This is a Rails solution that creates self-referencing joins for the AND case and a simple SQL include for the OR case. The solution assumes a Model called TopicTag and consequently a table called topic_tags.

The class method Search expects 2 arguments an array of Tags and a string containing either "and" or "or"

class TopicTag < ActiveRecord::Base

  def self.search(tags, andor)

    # Ensure tags are unique or you will get duplicate table names in the SQL
    tags.uniq!

    if andor.downcase == "and"
      first = true
      sql = ""

      tags.each do |tag|
        if first
          sql = "SELECT DISTINCT topic_tags.topic_id FROM topic_tags "
          first = false
        else
          sql += " JOIN topic_tags as tag_#{tag} ON tag_#{tag}.topic_id = \
                   topic_tags.topic_id AND tag_#{tag}.tag = '#{tag}'"
        end
      end
      sql += " WHERE topic_tags.tag = '#{tags[0]}'"
      TopicTag.find_by_sql(sql)

    else
      TopicTag.find(:all, :select => 'DISTINCT topic_id', 
          :conditions => { :tag => tags})
    end
  end

end

In order to get some more test coverage the data was extended to include an extra record for chess.

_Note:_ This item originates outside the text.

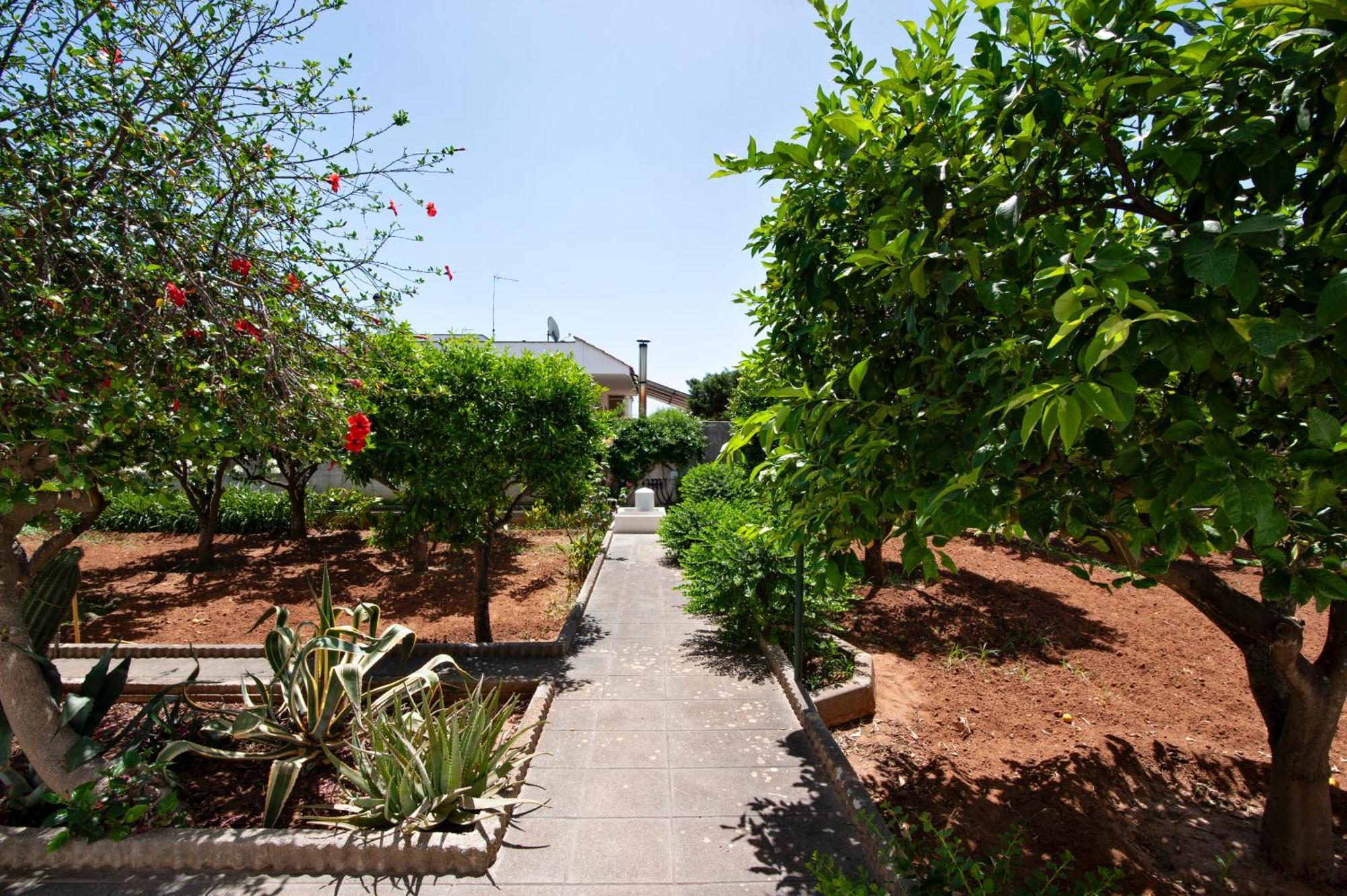 Maroby - Garden & Parking * Lecce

The Database was seeded with the following code

[1,2].each   {|i| TopicTag.create(:topic_id => i, :tag => 'football')}
[1,3].each   {|i| TopicTag.create(:topic_id => i, :tag => 'cricket')}
[2,3,4].each {|i| TopicTag.create(:topic_id => i, :tag => 'basketball')}
[4,5].each   {|i| TopicTag.create(:topic_id => i, :tag => 'chess')}

The following test code produced the results shown

tests = [
  %w[football cricket],
  %w[chess],
  %w[chess cricket basketball]
]

tests.each do |test|
  %w[and or].each do |op|
    puts test.join(" #{op} ") + " = " + 
      (TopicTag.search(test, op).map(&:topic_id)).join(', ')
  end
end
football and cricket = 1
football or cricket = 1, 2, 3
chess = 4, 5
chess = 4, 5
chess and cricket and basketball = 
chess or cricket or basketball = 1, 2, 3, 4, 5

Tested on Rails 2.3.8 using SqlLite

EDIT

If you wish to use like then the OR case also gets slightly more complex. You should also be aware that using LIKE with a leading '%' could have significant impacts on performance if the table you are searching is of a non-trivial size.

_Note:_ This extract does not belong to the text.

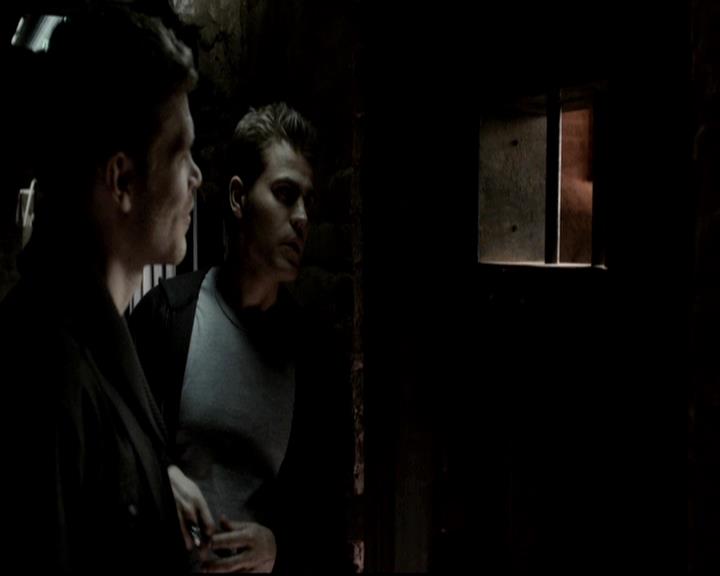 VampireDiariesWorld-dot-org_4x12AViewToAKill0345.jpg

The following version of the Model uses LIKE for both cases.

class TopicTag < ActiveRecord::Base

  def self.search(tags, andor)

    tags.uniq!

    if andor.downcase == "and"
      first = true
      first_name = ""
      sql = ""

      tags.each do |tag|
        if first
          sql = "SELECT DISTINCT topic_tags.topic_id FROM topic_tags "
          first = false
        else
          sql += " JOIN topic_tags as tag_#{tag} ON tag_#{tag}.topic_id = \    
                  topic_tags.topic_id AND tag_#{tag}.tag like '%#{tag}%'"
        end
      end
      sql += " WHERE topic_tags.tag like '%#{tags[0]}%'"
      TopicTag.find_by_sql(sql)

    else
      first = true
      tag_sql = ""
      tags.each do |tag| 
        if first
          tag_sql = " tag like '%#{tag}%'" 
          first = false
        else
          tag_sql += " OR tag like '%#{tag}%'" 
        end
      end
      TopicTag.find(:all, :select => 'DISTINCT topic_id', 
            :conditions => tag_sql)
    end
  end

end

tests = [
  %w[football cricket],
  %w[chess],
  %w[chess cricket basketball],
  %w[chess ll],
  %w[ll]
]

tests.each do |test|
  %w[and or].each do |op|
    result = TopicTag.search(test, op).map(&:topic_id)
    puts ( test.size == 1 ? "#{test}(#{op})" : test.join(" #{op} ") ) + 
         " = " + result.join(', ')
  end
end
football and cricket = 1
football or cricket = 1, 2, 3
chess(and) = 4, 5
chess(or) = 4, 5
chess and cricket and basketball = 
chess or cricket or basketball = 1, 2, 3, 4, 5
chess and ll = 4
chess or ll = 1, 2, 3, 4, 5
ll(and) = 1, 2, 3, 4
ll(or) = 1, 2, 3, 4
Steve Weet
I've just realised you want to use Like on your tags. I'll revisit this
Steve Weet
Edited to use LIKE
Steve Weet